Introduction to Information Retrieval

Source: Internet
Author: User

Books watercress link: http://book.douban.com/subject/5252170/

Chapter 2 Boolean search

---------------------

1.1 An example of Information Retrieval

1.2 initial experience of constructing inverted Indexes

1.3 processing of Boolean queries

1.4 extended Boolean search model and ordered search

---------------------

Information retrieval is a collection of large-scale unstructured data (usually text) (usually stored on computers) to find information that meets user information requirements (usually documents). Unstructured data refers to data without clear and explicit semantic structures, which is not easy for computers to process. Typical "Structured Data" relational database. Text data is considered as "semi-structured data" (semistructured)
Data ).

Given a document set, clustering is a task of automatic clustering based on the document content without topic guidance in advance, while classification defines the topic in advance.

The data processed by information retrieval can be divided into large-scale (such as Web search), small-scale (such as personal information search), and medium-scale (such as search for enterprises, institutions, and specific fields ).

Linear scanning (grepping) is the simplest, but it cannot meet the needs of quick searches for large-scale documents, flexible matching methods, and sorting of results. Therefore, one method is to create an index in advance to obtain the word item-document association matrix (incidence matrix) consisting of Boolean values ):


Evaluate the search results:

Precision: percentage of documents that are true and information requirements in the returned results.

Recall rate (recall): Percentage returned by the retrieval system in all documents that are really related to information requirements.

Word term-the document association matrix is a sparse matrix, which occupies a large amount of space.

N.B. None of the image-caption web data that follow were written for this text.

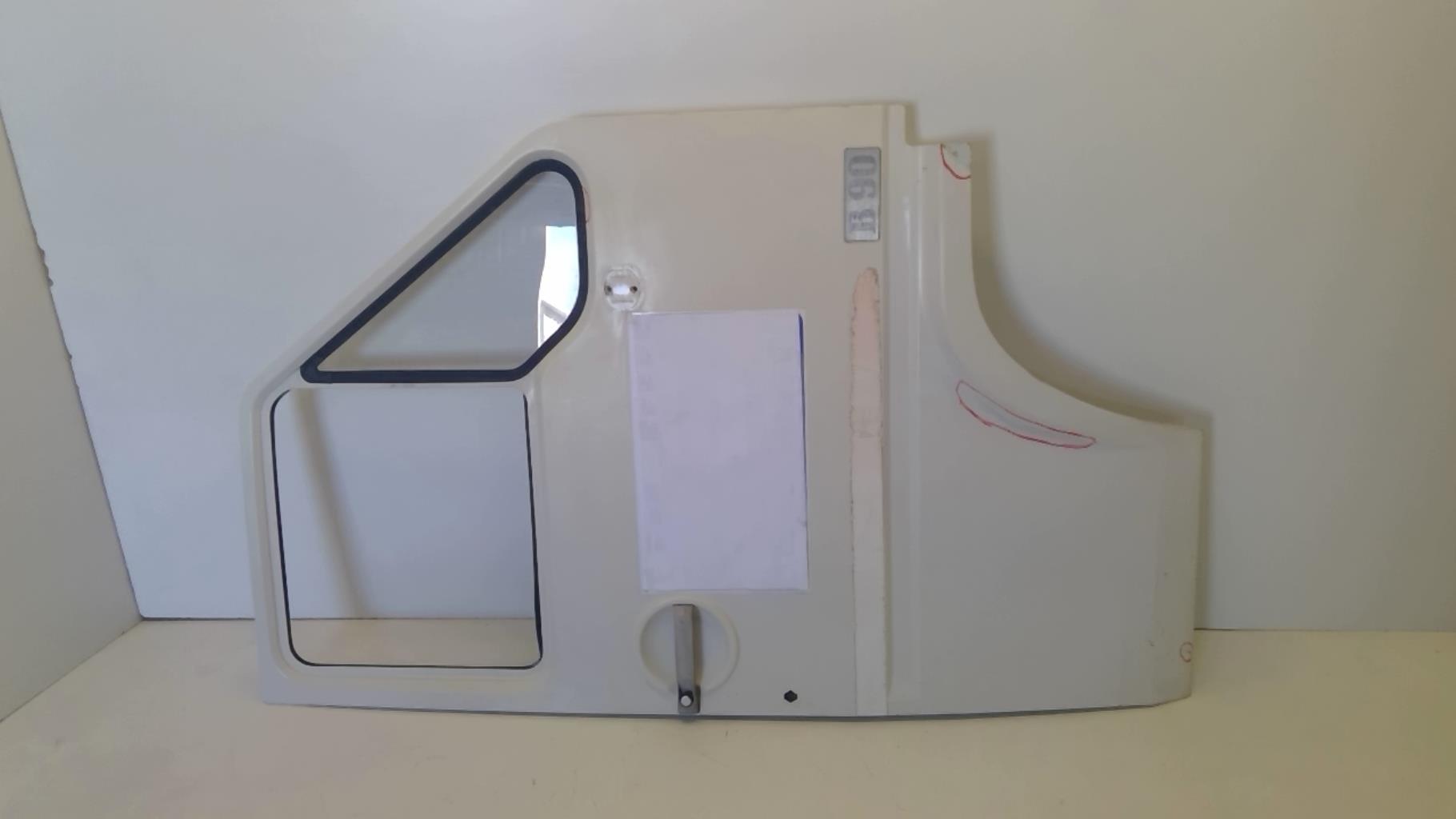 Porte avant droit RENAULT B90  - 1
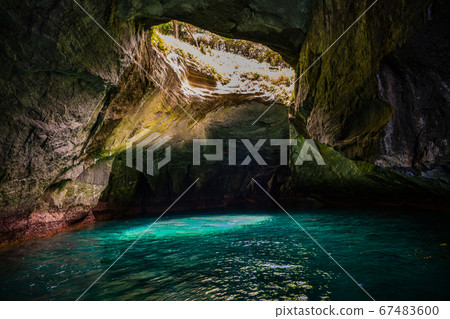 (Shizuoka Prefecture) Dogashima Cave Tour Tenmado Cave (Blue Cave) 67483600
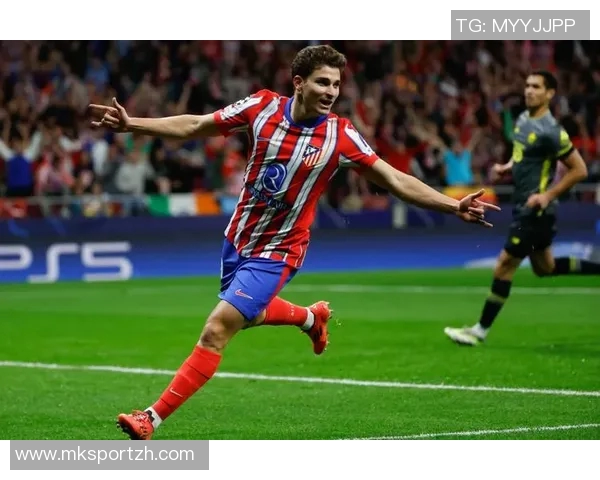 马竞逆转曼联3-0晋级世界杯精彩集锦瞬间引爆全场热情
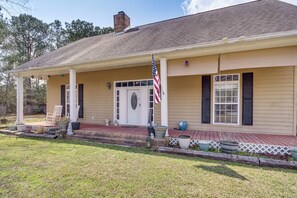 House (3 Bedrooms) | Interior - Explore Gulf Coast & Beyond! Home w/ Yard & Games (Long Beach)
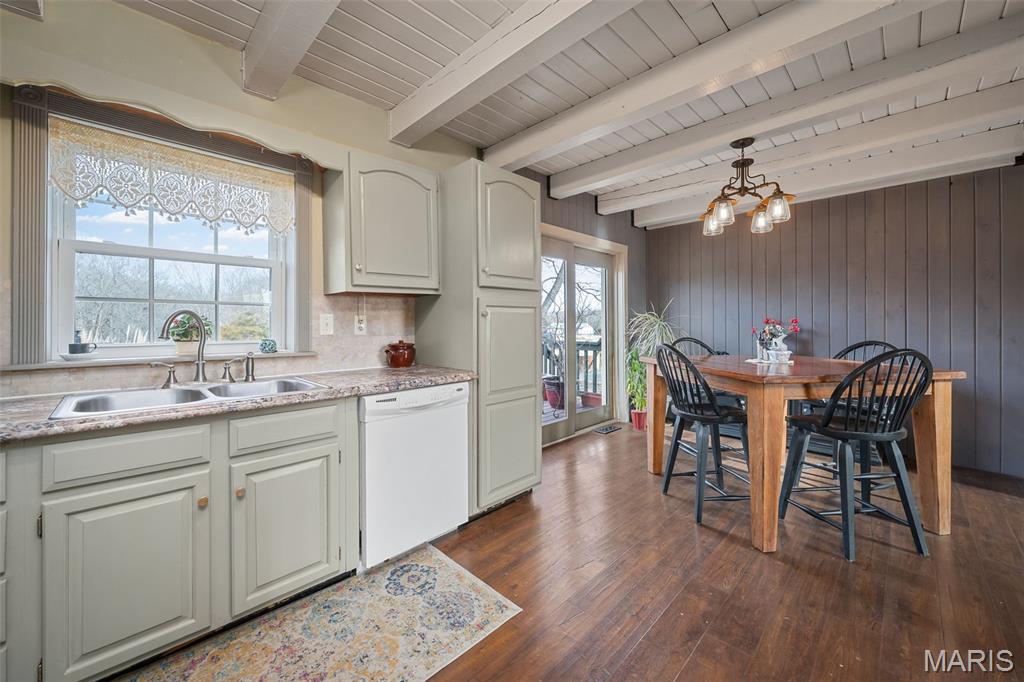 Meadowbrook Estate - Residential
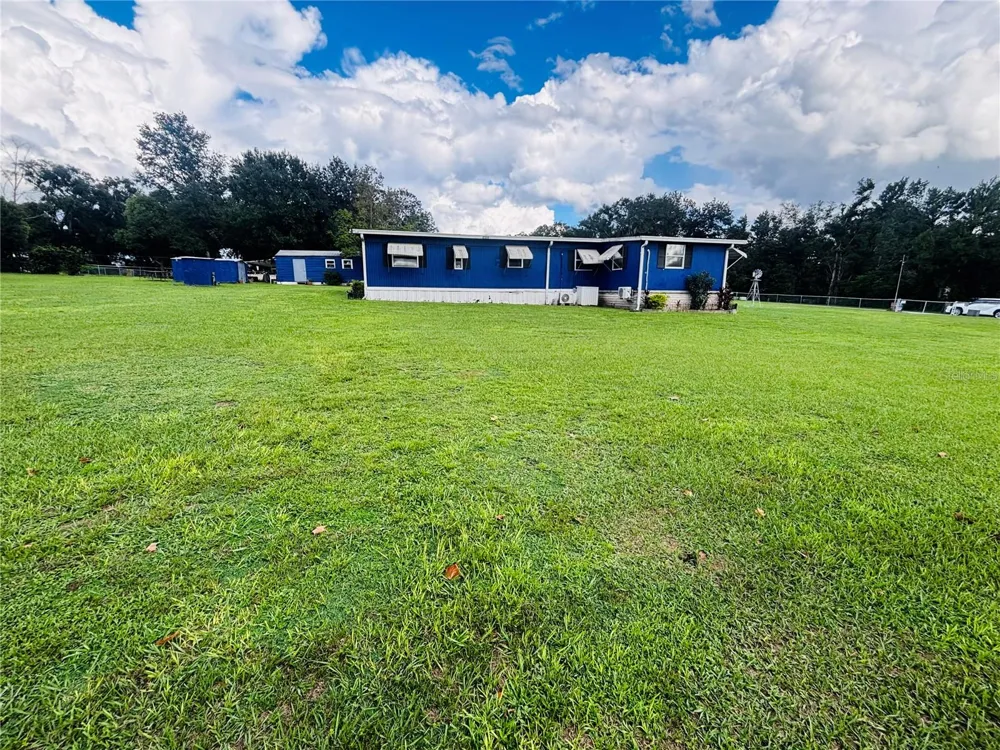37305 NORTHSIDE DRIVE Zephyrhills, FL 33541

Therefore, use the inverted index (inverted index ):


Procedure for creating an index:

1. Collect documents; 2. tokenization; 3. Linguistic preprocessing, produce normalized entries as word items; 4. Create inverted indexes for all documents based on word items



Both the dictionary and inverted record tables have storage costs. The class uses singly linked list and variable length array ).

Boolean query uses the merge algorithm (merge algorithm) to calculate the intersection of the inverted record table. The merge here refers to the operation, which is different from the merge sort in the sort algorithm.

Process word items in ascending order of Document Frequency for query optimization


Related Article

Contact Us

The content source of this page is from Internet, which doesn't represent Alibaba Cloud's opinion; products and services mentioned on that page don't have any relationship with Alibaba Cloud. If the content of the page makes you feel confusing, please write us an email, we will handle the problem within 5 days after receiving your email.

If you find any instances of plagiarism from the community, please send an email to: info-contact@alibabacloud.com and provide relevant evidence. A staff member will contact you within 5 working days.

A Free Trial That Lets You Build Big!

Start building with 50+ products and up to 12 months usage for Elastic Compute Service

  • Sales Support

    1 on 1 presale consultation

  • After-Sales Support

    24/7 Technical Support 6 Free Tickets per Quarter Faster Response

  • Alibaba Cloud offers highly flexible support services tailored to meet your exact needs.